Cudze chwalicie

Okolica od kuchni, czyli cudze chwalicie…

 Złotoryja nabiera wielkomiejskiego szlifu. Już mamy własne korki, dwie sygnalizacje świetlne, na chodnikach stoją parkomaty. Ludzie też jacyś tacy wielkomiejsko nerwowi się zrobili. A na dodatek rozpleniły nam się „chickeny”, czyli  fastfoodowe jadło dla żyjących w pośpiechu. Jako, że nie przepadam za zapachem przerobionego oleju i skrzydełkami niewiadomej proweniencji, uznałam, że do testowania tegoż nie będę się zmuszać. Pociech własnych też nie narażę na eksperyment, bo się jeszcze rozochocą i nie tkną więcej domowego obiadu (wystarczy, że na drugie śniadanie chipsy konsumują).

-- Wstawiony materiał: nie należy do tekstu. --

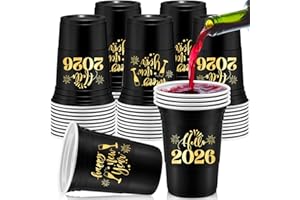 Mifoci 50 Pack Happy New Year Disposable Thick Cups 16oz Happy New Year 2026 Holiday Cups Decorations for Festive Party Favors Eve Party Supplies, Gold and Black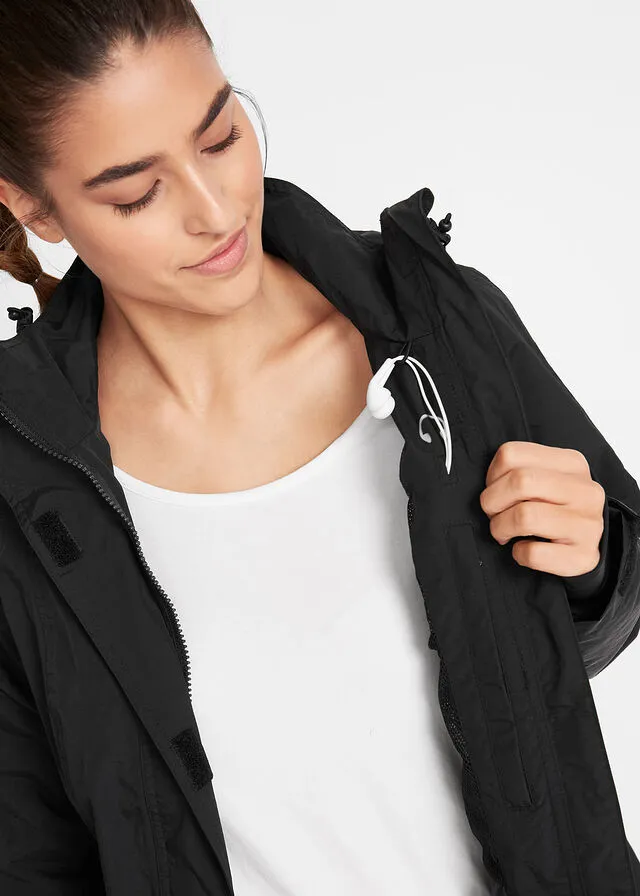 Abrigo de lluvia, impermeable Negro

Postanowiłam pojechać na obiad do Lwówka Śląskiego, gdzie kilka lat temu odkryłam interesujący lokal, który niesprawiedliwie nazwano pizzerią („Pizzeria u Izy Karwat”). Wypada żałować, że w naszym mieście ze świecą próżno szukać tak stylowego lokalu. Kameralna atmosfera niewielkiej sali, przytłumione światło, żwawa obsługa i co najważniejsze – brak dymu tytoniowego (co doceniam szczególnie po niedawnej wizycie w „Jędrusiowej Jamie”) mają magiczną moc przyciągania. Wnętrze stylizowane jest na rustykalne: grabie, widły, beczki o tym dobitnie świadczą. Wszystko świetnie się komponuje z zabytkowymi odbiornikami radiowymi, tworząc typowo eklektyczny design. Jednak w restauracji najważniejsze bywa jedzenie i to też należy pochwalić.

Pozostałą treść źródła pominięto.